**PROBLEM TO SOLVE**. Pictures must not appear in the copy. Restate exactly the lines below from the one with "Chrome Dashboard GPS" through the one with "Turdulisoma Turdulorum Apothecary Label", inclusive.

---------- DATA RECORDS ----------

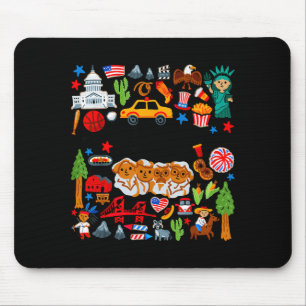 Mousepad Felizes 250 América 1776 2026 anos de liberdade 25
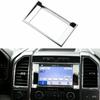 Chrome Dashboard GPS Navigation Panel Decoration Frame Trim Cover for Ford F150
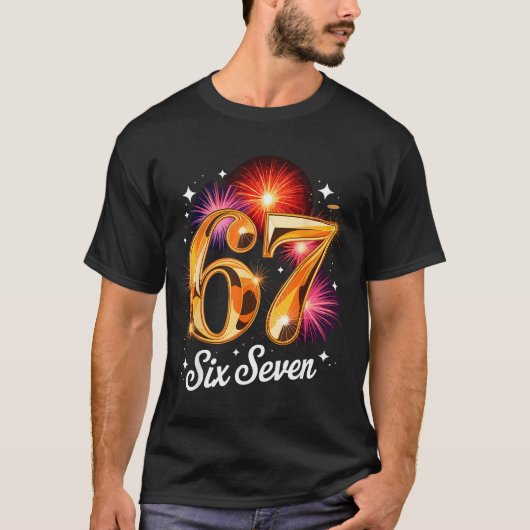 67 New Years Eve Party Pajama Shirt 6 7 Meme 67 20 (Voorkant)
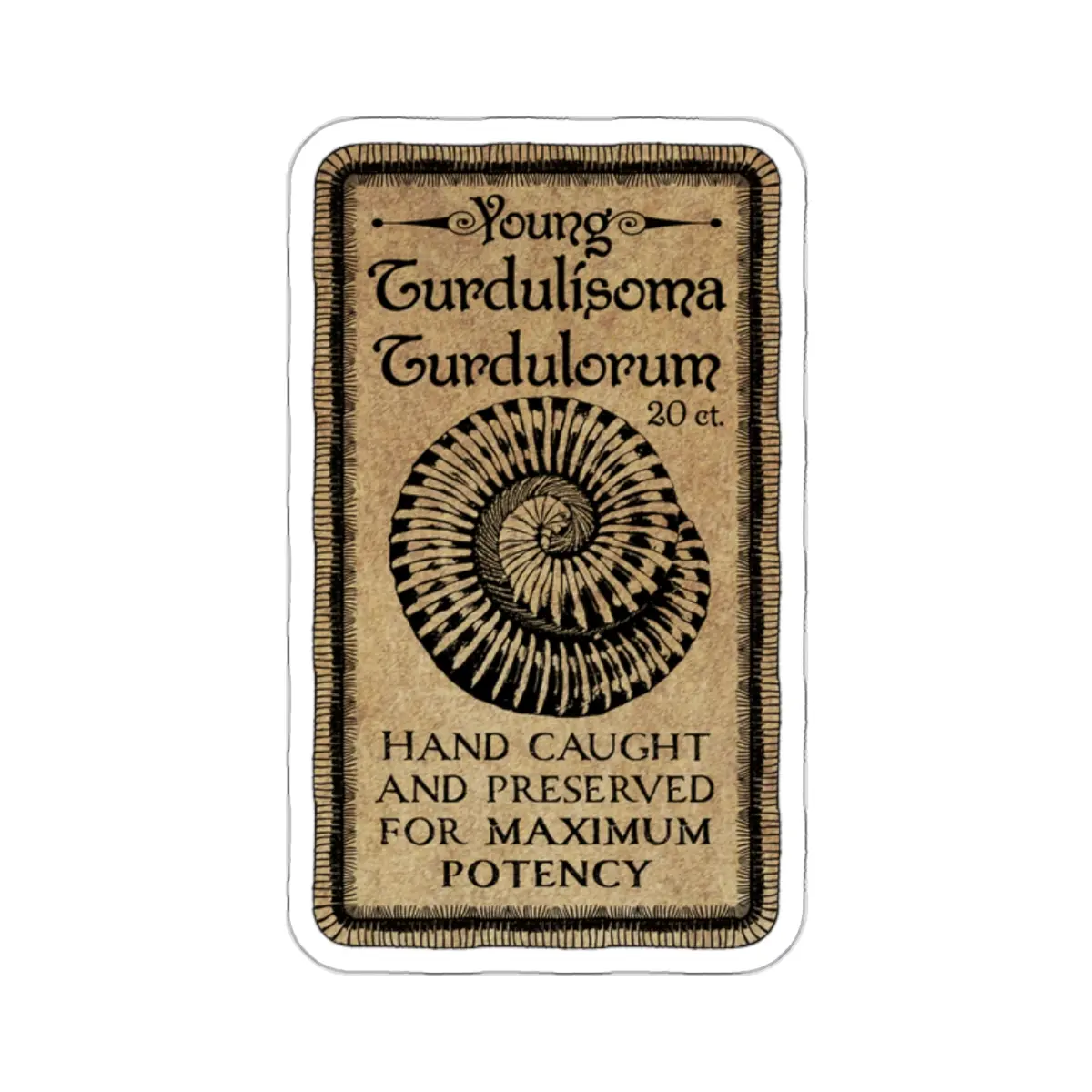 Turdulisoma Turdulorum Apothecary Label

----------
---------- DATA RECORDS ----------

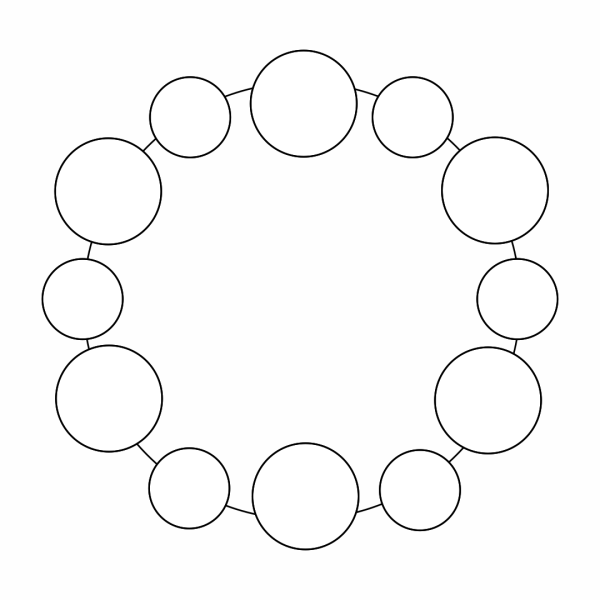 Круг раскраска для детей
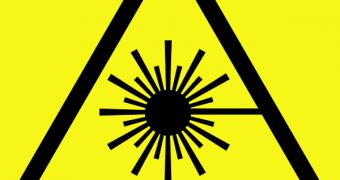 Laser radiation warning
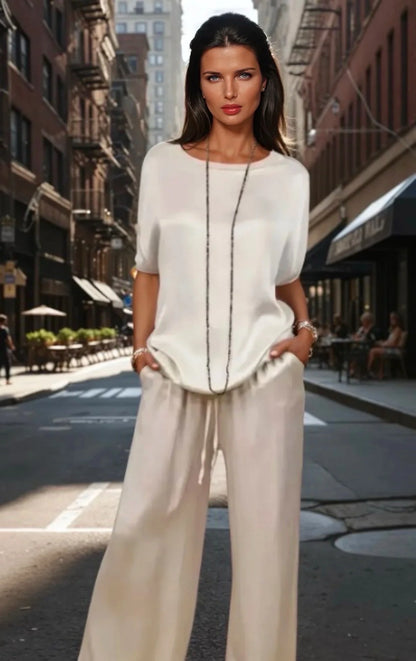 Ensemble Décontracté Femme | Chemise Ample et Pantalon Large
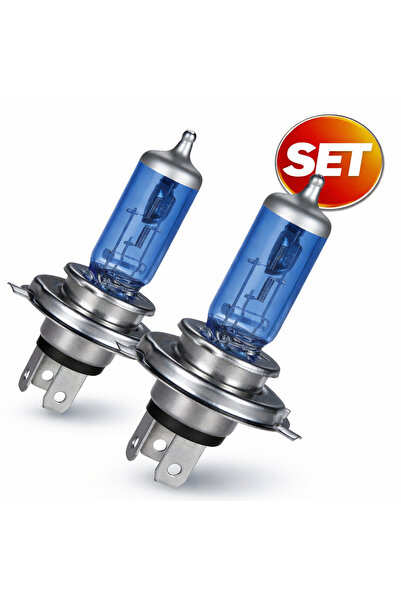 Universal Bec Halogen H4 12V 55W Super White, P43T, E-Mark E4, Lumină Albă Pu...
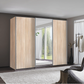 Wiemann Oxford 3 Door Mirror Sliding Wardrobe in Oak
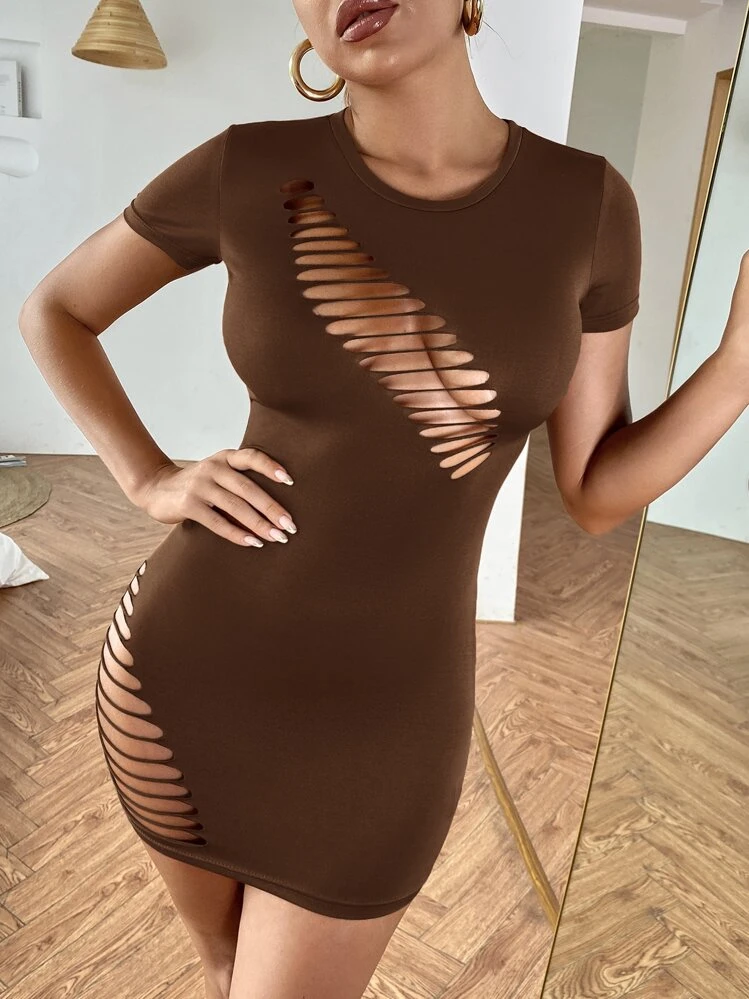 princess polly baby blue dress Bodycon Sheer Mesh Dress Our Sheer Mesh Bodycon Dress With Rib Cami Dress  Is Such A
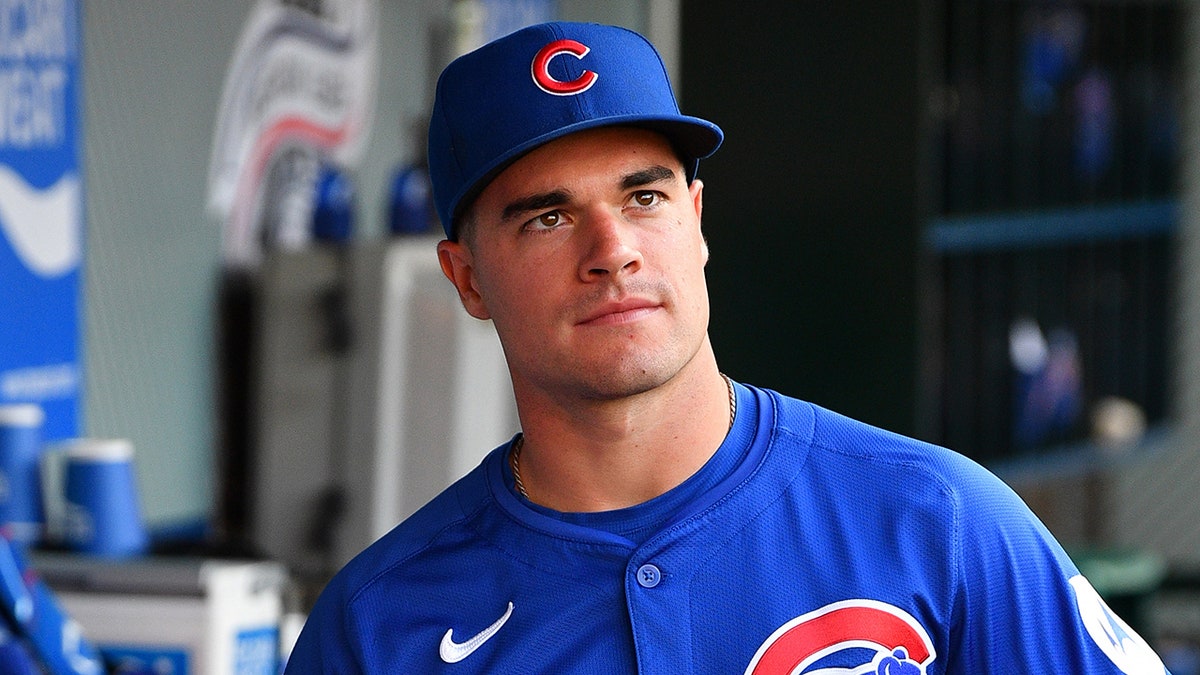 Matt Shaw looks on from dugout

----------

**EXERCISE OUTPUT**.
 Chrome Dashboard GPS Navigation Panel Decoration Frame Trim Cover for Ford F150
 67 New Years Eve Party Pajama Shirt 6 7 Meme 67 20 (Voorkant)
 Turdulisoma Turdulorum Apothecary Label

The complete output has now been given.